The benefits of financial literacy to the individual become more evident over the long term. Specifically, the individual will be able to enjoy self-reliance and sustainability in their finances, higher resilience to economic shocks, and improved productivity. The campaign of financial literacy can be perceived as a crucial step towards poverty reduction and SDG 1 attainment. Here are three key steps to improve your financial literacy.
Everyone has expenses that must be paid on a regular basis (fixed costs) and expenses that can be changed depending on the situation (variable costs). Fixed costs usually include things like rent, mortgages, and car payments that can't be avoided, while variable costs are things like food and entertainment that can change depending on the individual's economic situation. It's important to prioritize expenses based on need, with essential things like food taking priority over non-essentials like entertainment. People should be aware of the different types of costs and be mindful of how they allocate their resources to make sure that their needs are taken care of first.
A principle that sufficiently curtails unnecessary and impulsive spending is the rule of purchasing a non-asset only if the individual can comfortably afford that same amount of goods or service three times over without encroaching into other priorities within his/her scale of preference. This rule may not apply to the purchase of an asset that may in any case be seen as an investment aimed at yielding returns. Simply put, any good, service, or set of goods not designed to bring in returns on investment should not be purchased if the individual is unable to afford it three times over. Although this rule points to frugality, it also doubles as a regulatory tool that can help cut down on unnecessary expenses, improving savings–disposal income, and developing the capacity to invest.
A common practice in Nigeria is “paying tithe”. The Christian community in Nigeria, marking a substantial proportion of the population, is often reminded of the importance of tithe payment – 10 percent of their income as a form of devotion and commitment to their faith. However, little is advised on the remaining 90 percent. We observe high levels of compliance to paying tithe from Christian believers of various socioeconomic standing. This indicates that people can deploy good financial practices given the right motivation. The “25 percent savings rule” states that 25 percent of an individual’s disposable income (i.e., total income less tax) is set aside for savings targeted at investment purposes. This rule proposes a rigid and conservative step requiring individuals to radically set aside this percentage of their disposable income. In doing this, individuals are encouraged to lock away these savings in a not so easy to access savings account.

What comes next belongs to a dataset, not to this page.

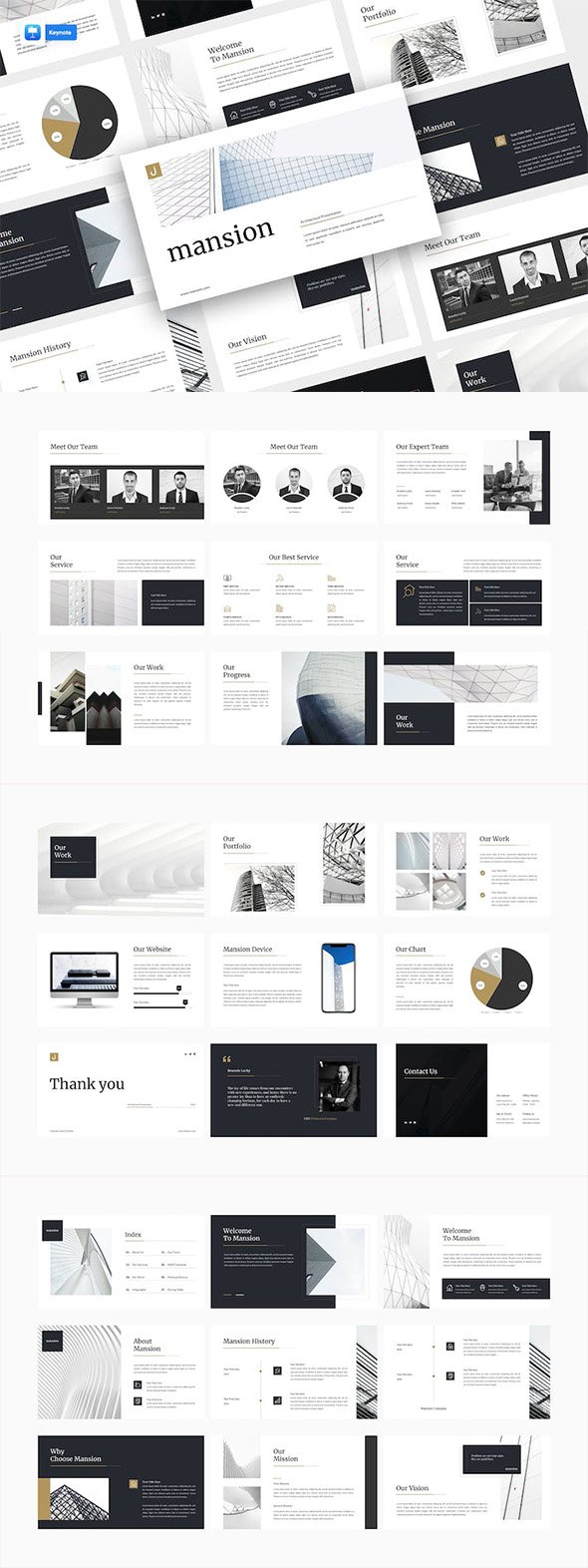 GraphicRiver - Mansion - Clean Architecture Presentation Keynote Template - 35244100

In conclusion, advanced studies recognize personal financial management, budgeting, and investing as the three basic foundations of financial literacy. The better-off in society tend to be more financially literate and enjoy the related benefits relative to their less-educated and less affluent counterparts. In any case, UTT simplifies the core of financial literacy and targets raising awareness on financial literacy to be more practicable and feasible in the real world. In understanding the variabilities of fixed and variable costs, the individual draws a scale of preference to meet day-to-day survivability targets. The individual is expected to understand his or her spending capacity and projections. However, to be on the safe side and avoid unnecessary expenses on scarce resources, the principle of having at least three times the worth of a good and service before purchase is advised. And lastly, adopting the 25 percent saving rule brings an individual personal financial awareness and sensitivity. This rule ensures that the individual does not miss potential investment opportunities during an economic boom and unforeseen expenses in the event of an economic meltdown.